Rats. I wanted to golf today but the weather isn’t cooperating. I also stay away from the course sometimes when my golf instructor, Pete Black, is the starter. Today and tomorrow, he is the afternoon starter and that’s when I like to play. He of course wants to know how things are coming along and somehow manages to pump yet a few more “should dos” into me and I am full up with “should dos”.
After a few months of heavy contemplation, I have decided to find another instructor. My decision has nothing to do with Pete Black’s knowledge or him as a person. He is a walking encyclopedia of golf. He seems to know who made birdie on what hole in every major that has ever occurred. He is an expert when it comes to the art of the golf swing, to course management – and he really wants to help me. He is the type of instructor who gives students extra time and is always generous with his expertise. He has given me little training aids – a donut to add weight to my clubs for L to L drills, and a grip to hold and swing and practice various specifics like, for example, cocking the wrist at the right time.

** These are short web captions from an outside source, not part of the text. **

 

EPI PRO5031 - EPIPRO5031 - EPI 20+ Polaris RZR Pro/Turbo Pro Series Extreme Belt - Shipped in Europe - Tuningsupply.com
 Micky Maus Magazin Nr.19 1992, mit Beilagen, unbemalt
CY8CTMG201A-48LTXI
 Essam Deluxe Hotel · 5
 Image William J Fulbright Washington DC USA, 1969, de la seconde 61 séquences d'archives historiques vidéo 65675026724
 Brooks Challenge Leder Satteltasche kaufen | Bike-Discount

My need for a new instructor is more about style and what I need in order to further my golf education. I need fewer words and more just trying to get the feel of it all, so my body can catch up with my knowledge. When I’m lacking confidence walking up to a long fairway shot, all the words in the world don’t help me. They attack my confidence even further. I need to just know I can hit it, that my body remembers what it is supposed to do and will take my ball from point A to point B in the manner in which I want it to. I’m not there yet but that’s what I’m working on the hardest at this time. That’s what I need help with right now. Then I could very well return to Pete Black at a later time.
Keep the boss happy
I just checked out the book “Inner Game of Golf” from the library and I have already found value in it. In just the first few chapters the book has suggested that I have two selves. Self 1 and Self 2. Self 1 is the mean self who barks orders at poor Self 2 like, “keep your eyes on the ball” or “get those damn shoulders to 90 degrees” or “don’t hit it fat this time” or “for God’s sake don’t hit it thin either” or “you’ve got to drive it extra far on this par five or you’re totally screwed” and so on. It also says things like “you idiot, I just knew you’d mess that up” or “what are you some kind of spaz” or “why can’t you get this” and much worse. As for Self 2 – it just golfs. If Self 2 could be left alone to just golf, it would probably golf much better.

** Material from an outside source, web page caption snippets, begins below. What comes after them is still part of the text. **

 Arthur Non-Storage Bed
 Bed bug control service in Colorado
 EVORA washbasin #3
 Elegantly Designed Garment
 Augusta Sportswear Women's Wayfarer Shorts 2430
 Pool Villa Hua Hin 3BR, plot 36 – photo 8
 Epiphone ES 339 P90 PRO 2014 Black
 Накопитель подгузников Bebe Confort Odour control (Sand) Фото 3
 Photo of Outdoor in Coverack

So I learned that I have to keep Self 1 occupied just enough to stop henpecking Self 2. Self 1 has to have something to do that is interesting enough so it doesn’t even consider getting in Self 2’s face. In my case, I am finding that being really strict with myself about tempo achieves this purpose. I even try to say my tempo out loud. For example in a medium range iron swing, I say “one-and-two-and” rather slowly so that by the time I say the last word I am finishing my follow-though. Self 1 gets engrossed in the lovely rhythm of the tempo and is content. Self 2 swings more fluidly and hits a better shot.
I must really work to do this every time though. It doesn’t come easy to a high strung person like me. I get as impatient as anyone, rush shots, skip steps of my pre-shot routine and commit other such disasters to the swing process. But when I do this counting thing, this controlled tempo swing, good things happen.
In the end, golf is going to teach me a lot about self discipline.